Le matin du 24 juin, notre soldat-écuyer est à l'heure avec ses trois montures. Et notre équipe compte à présent un membre de plus, soit quatre accompagnateurs pour un seul touriste. On frise le ridicule.
C'est en tous cas la première journée entièrement à cheval. Nous allons au pas et, parfois, au petit trot. En plus des hommes, chaque bête porte son lot de colis et, même solidement harnachés, on ne peut pas aller trop vite sous peine de rompre les attaches. Ce n'est pas le but d'ailleurs et mieux vaut profiter du paysage verdoyant. Nous remontons la vallée de la Rivière Blanche, ainsi nommée en raison de la couleur laiteuse de son eau.
Le soldat-écuyer, dont le nom mongol est imprononçable, a été constamment entouré d'une nuée de mouches ; on croirait qu'il les élève sous son crâne.
La taille mise à part, il est le sosie du Jack Palance de "l'homme des vallées perdues" (Shane de George Stevens, 1953), en beaucoup moins méchant heureusement…Le lendemain, nous n'arriverons au col qu'en début d'après-midi, après avoir quitté la vallée de la Rivière Blanche en bifurquant à l'est. Au début, pas de trace de neige, sinon par intermittence mais rien sur le chemin. Mais bientôt nous comprenons la nature de l'obstacle qui avait fait reculer les trois israéliennes et, après elles, deux russes que nous avons croisés la veille. Une crête d'environ 100 mètres est entièrement recouverte d'une épaisseur d'1,5m de neige. Par chance, un sillon existe désormais. Il a été tracé le matin même par une impressionnante expédition de dix américains et canadiens. Ayant dû rebrousser chemin hier, ils ont creusé toute la matinée pour pouvoir traverser aujourd'hui. Eux ont des chameaux pour transporter leur équipement et j'assiste, sidéré, au passage des bactriens dans la neige, l'un des spectacles les plus incongrus qu'il m'ait été donné de voir.
Après avoir aidé l'expédition américano-canadienne à faire passer leur tonne d'équipement de l'autre côté, nous profitons à notre tour du passage. Puis nous descendons rapidement jusqu'à un cours d'eau bordé de quelques yourtes. C'est là que nous allons camper cette nuit.
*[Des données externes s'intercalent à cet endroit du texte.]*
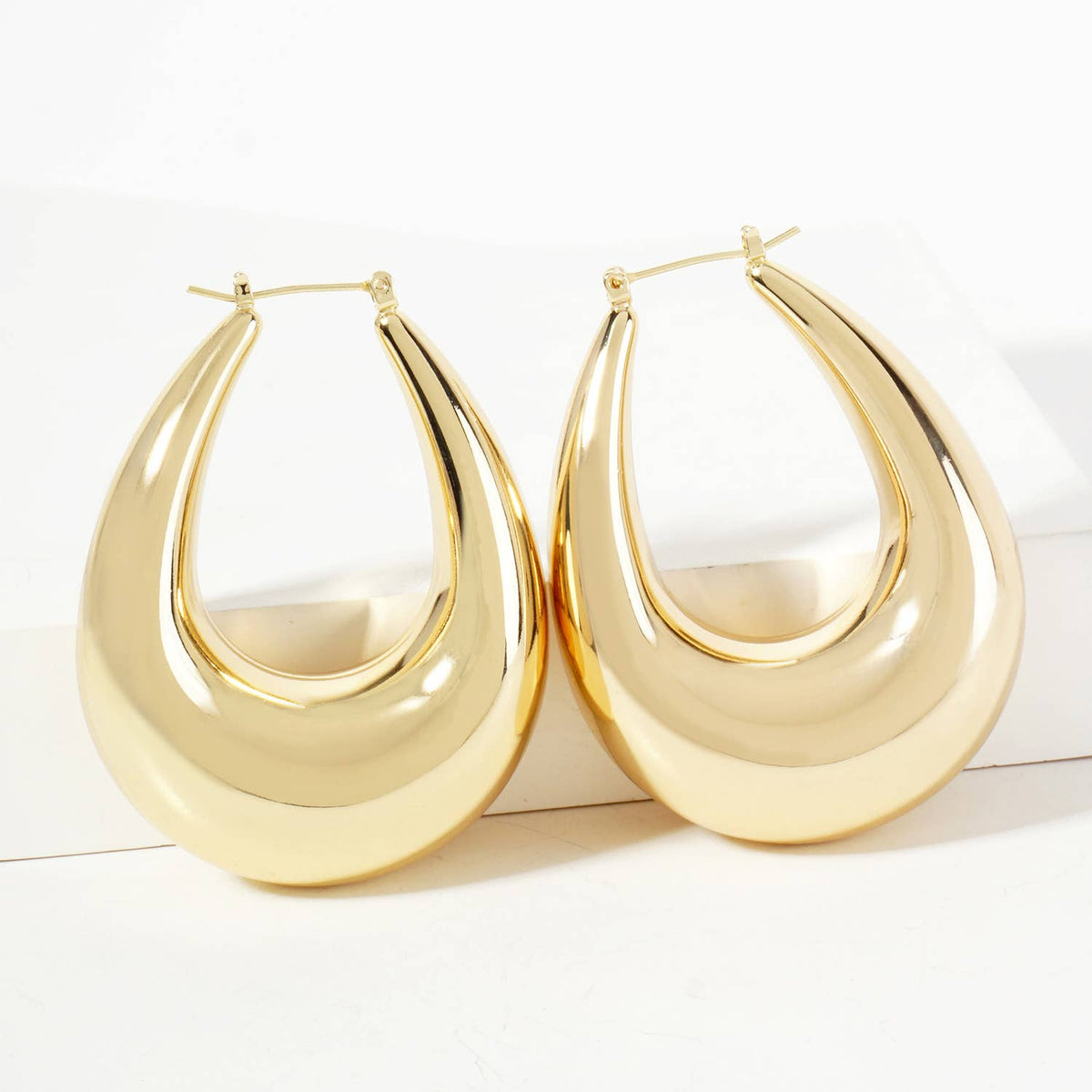 Polished Brass Hollow Tapered Teardrop Tube Hoop Earrings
Toute la nuit du 25 au 26 juin, un vent glacial a soufflé. Je porte gants et bonnet, tandis que nous continuons notre descente vers Tavan Bogd, ultime étape de ce trek. Nous y arrivons en fin de matinée. La vue depuis un promontoire surplombant la vallée est proprement hallucinante, avec le massif de Tavan Bogd Uul (4374m), le plus haut sommet de Mongolie qui se détache à l'horizon.
L'après-midi, Aji et moi partons voir un site de pétroglyphes, à 2 heures de cheval du camp. Sur une pierre plate, il y a en effet de nombreux dessins d'animaux. Bien malin qui pourrait dire s'il s'agit là de vestiges préhistoriques ou de gribouillis sans intérêt des gamins des familles de nomades. Aji m'assure que des archéologues sont venus nombreux et certifie que les dessins sont "very old". Plus tard, de retour à Olgii et en consultant mon guide, j'en aurai la confirmation mais je n'en connais toujours pas l'époque.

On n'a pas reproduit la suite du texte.